# the longest story thread !



## max_demon (May 20, 2007)

*in this thread , i will start the story *and others have to carry on with the story , sounds simple . lt's start the story .

it was may 20 , 2007 max demon wake up with sony ericsson ringtone . it was call from gx_sarav . he asked me...


----------



## sam_1710 (May 20, 2007)

"how to install windows Vista on a k750i"??  For that max replied..


----------



## max_demon (May 20, 2007)

...(laughing) there is no way of installing windows vista . it is only a web page with windows vista screenshots .(both laughed) suddendly they saw...


----------



## Laser_dude (May 20, 2007)

c'mon max u both are on a call how can u both look at something together.


----------



## vish786 (May 20, 2007)

lol....


----------



## cooldip10 (May 20, 2007)

Laser_dude said:
			
		

> c'mon max u both are on a call how can u both look at something together.



true. how can u both look at the same thing!!


----------



## vish786 (May 20, 2007)

> true. how can u both look at the same thing!!

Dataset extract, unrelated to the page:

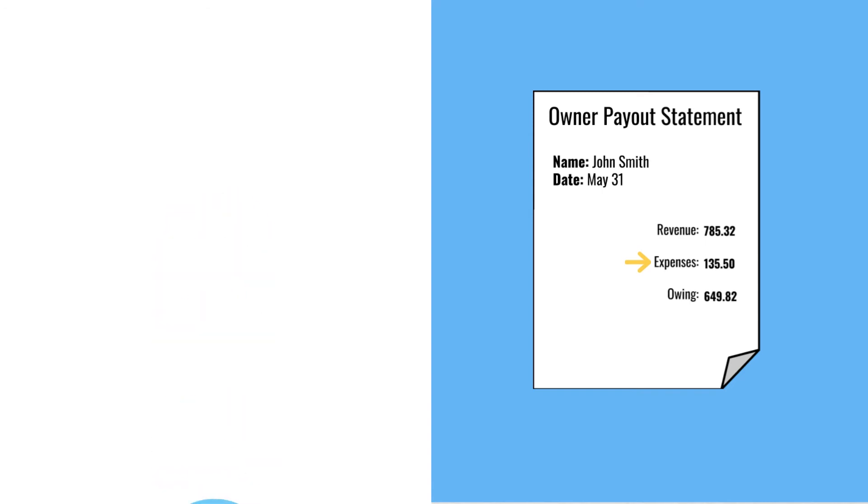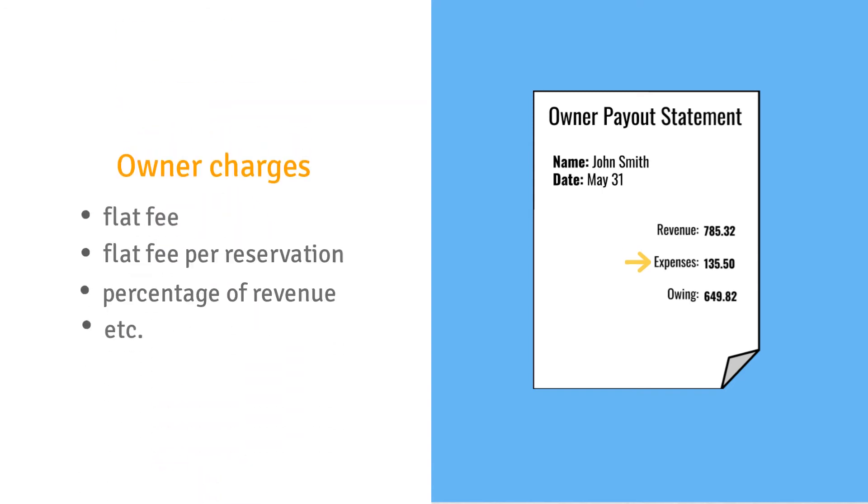And like owner payouts, owner charges can be calculated in a variety of ways to best suit your needs.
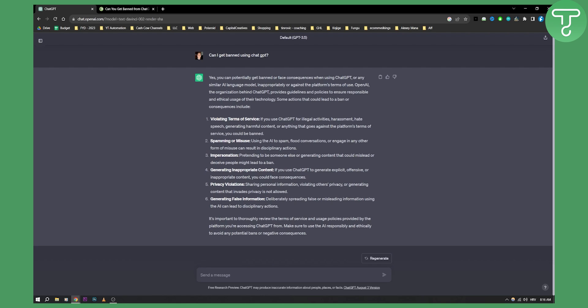Spamming or misuse. So using AI to spam or flood conversations. Impersonation. Generating inappropriate content, to generate explicit content or offensive or inappropriate content.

may b they were in the same room and usin phone to talk..... haha


----------



## Anindya (May 20, 2007)

Actually both of them saw diff. things in their room at the same time.  Coincidence


----------



## vish786 (May 20, 2007)

ok now let me continue the story... both saw a beautiful girl, across their building standing in d balcony....  she was the  most beautiful  girl  they had see in their entire life.... then........... to be continued


----------



## iMav (May 20, 2007)

gx realized she was using a mac book ... he rushed to her house with his vista dvd ... installed it in a jiffy and showed here what all she was missing while using a mac ... suddenly gx saw arya was her brother ...... continue


----------



## vish786 (May 20, 2007)

arya offered tea to max who was installing vista.... then arya left, gx was sitting and watching max, who was busy on com, she was impressed by max's helping nature and also max looked smart... she wanted to tell something to him.. she was hesitating to start the conversation....... to be continued


----------



## iMav (May 20, 2007)

abey dhakan ... max is not windows guy puri story ka kachra kar diya


----------



## vish786 (May 20, 2007)

iMav said:
			
		

> abey dhakan ... max is not windows guy puri story ka kachra kar diya


lol... abey dhakan....... read the above threads(there r two guys)... its in proper order... max is a vista guy after d call....


----------



## Third Eye (May 20, 2007)

Thread Reported.....


----------



## vish786 (May 20, 2007)

yeh better close the thread... a story should always b written only with one author... otherwise their would be  a lot of misunderstanding and confusion


----------



## max_demon (May 20, 2007)

no , the story is all by mind . dont connect to real life . just have fun ! after post #11 continued story ... suddendly arya came . and seeing max is installing windows Vista on macbook . he started giving lecture about , macs are better than vista , blah blah blah.. all left . all were going to a park . they saw a mysterious looking guy , he was after they come close to the man they were shocked after listening his name he was ..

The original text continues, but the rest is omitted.